3.             Issuance; Registration; Transfer; Exchange; Replacement; Cancellation; etc.

3.1          Original Issue of Warrants; Form of Warrant Certificates.

3.1.1       Certificates representing the $4.00 Warrants and the $5.00 Warrants (the “Warrant Certificates” ) shall be substantially in the forms of Exhibit A-1 or Exhibit A-2 , respectively, the provisions of which are incorporated herein, and shall be signed by, or bear the facsimile signature of, the Chief Executive Officer or the President, and the Treasurer, Secretary or Assistant Secretary of the Company, and shall bear such other insertions, letters, numbers, legends or marks of identification as the Company and the Warrant Agent deem appropriate, required or permitted by this Agreement.  In the event the person whose facsimile signature has been placed upon any Warrant shall have ceased to serve in the capacity in which such person signed the Warrant before such Warrant is issued, it may be issued with the same effect as if he or she had not ceased to be such at the date of issuance.  The seal of the Company may be in the form of a facsimile thereof and may be impressed, affixed, imprinted or otherwise reproduced on the Warrant Certificates.  Typographical and other minor errors or defects in any such facsimile signature shall not effect the validity or enforceability of any Warrant which has been countersigned and delivered by the Warrant Agent.  Warrant Certificates shall be countersigned by the Warrant Agent and shall not be valid for any purpose unless so countersigned.  Warrant Certificates shall be dated the date of countersignature by the Warrant Agent.
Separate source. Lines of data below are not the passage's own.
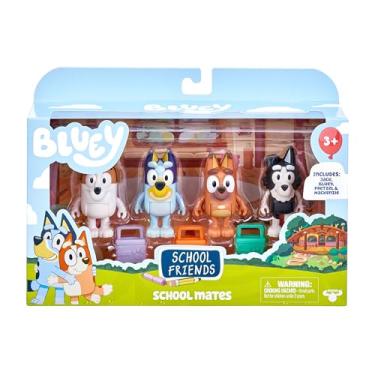 Imagem de Bluey School Mates Figurine Toys Pack of 4, Articulated Jack, Pretzel, and Mackenzie Character Toys with Lunch Boxes, Action Figures for Kids Ages 3+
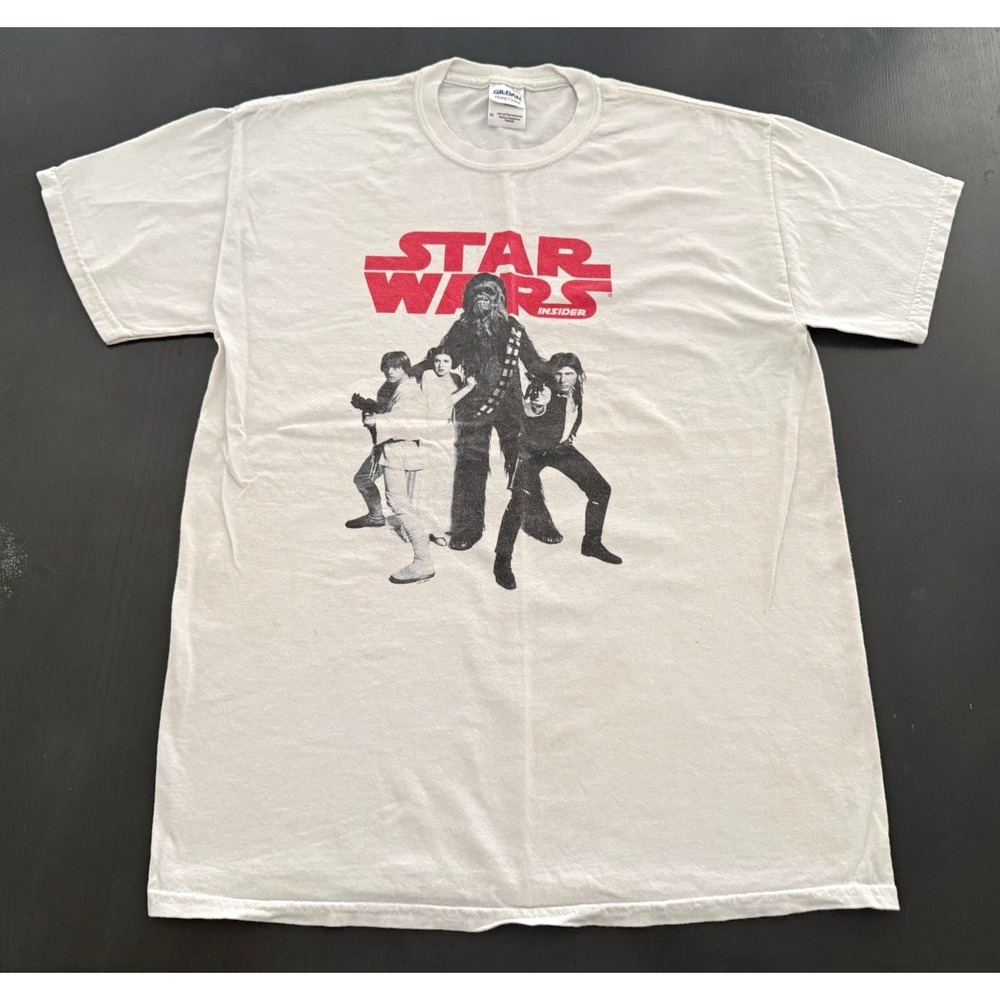 Gildan Star Wars Episode IV Graphic Print White T-Shirt, Size M Sci-Fi Y2K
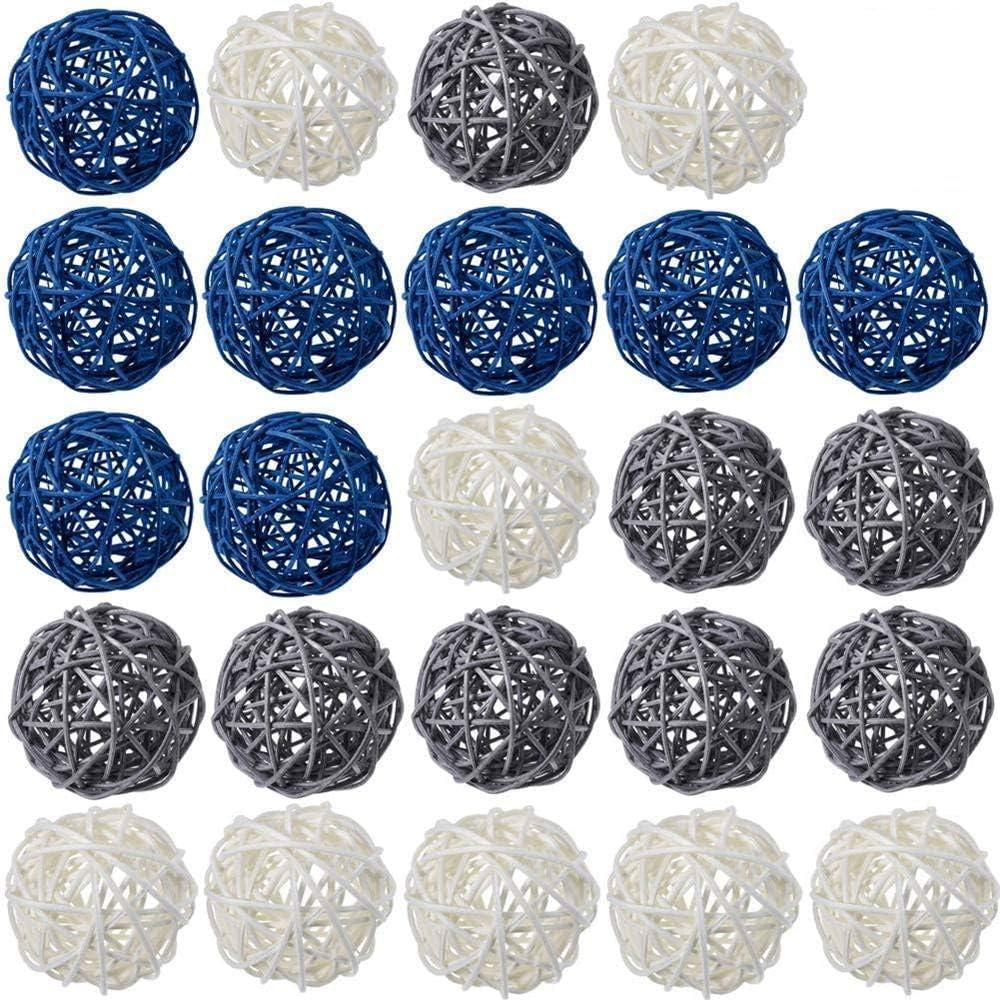 24 Pcs Wicker Rattan Decorative Balls Set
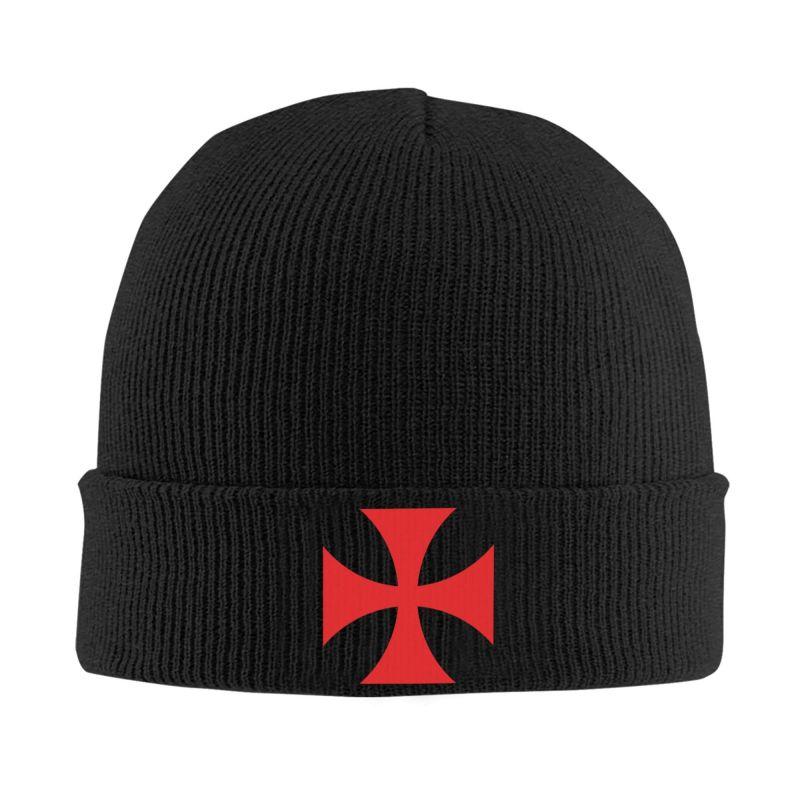 Custom Knights Templar Flag Bonnets Knitted Hat Warm Soft Beanies Hats Autumn Winter Outdoor Head Wrap Caps for Adults Men Women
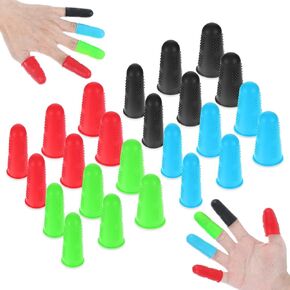 24PCS Rubber Fingers Tips 3 Sizes Silicone Finger Protectors Covers, Sleeve Fingertip Guard Grips Reusable Thumb Cots Thimbles Pads for Hot Glue Guns Sewing Sorting Paper Ironing(Black Red Blue Green)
3.1.2       Contemporaneously with the Closing Date (as such term is defined in the Purchase Agreement), upon written instruction by the Company to the Warrant Agent, the Warrant Agent will countersign for original issue $4.00 Warrants to purchase up to an aggregate of 58,333,275 shares of Common Stock and $5.00 Warrants to purchase up to an aggregate of 58,333,275 shares of Common Stock.  Contemporaneously with the Additional Closing Date (as such term is defined in the Purchase Agreement), upon written instruction by the Company to the Warrant Agent, the Warrant Agent will countersign for original issue $4.00 Warrants to purchase up to an aggregate of 8,749,992 shares of Common Stock and $5.00 Warrants to purchase up to an aggregate of  8,749,992 shares of Common Stock.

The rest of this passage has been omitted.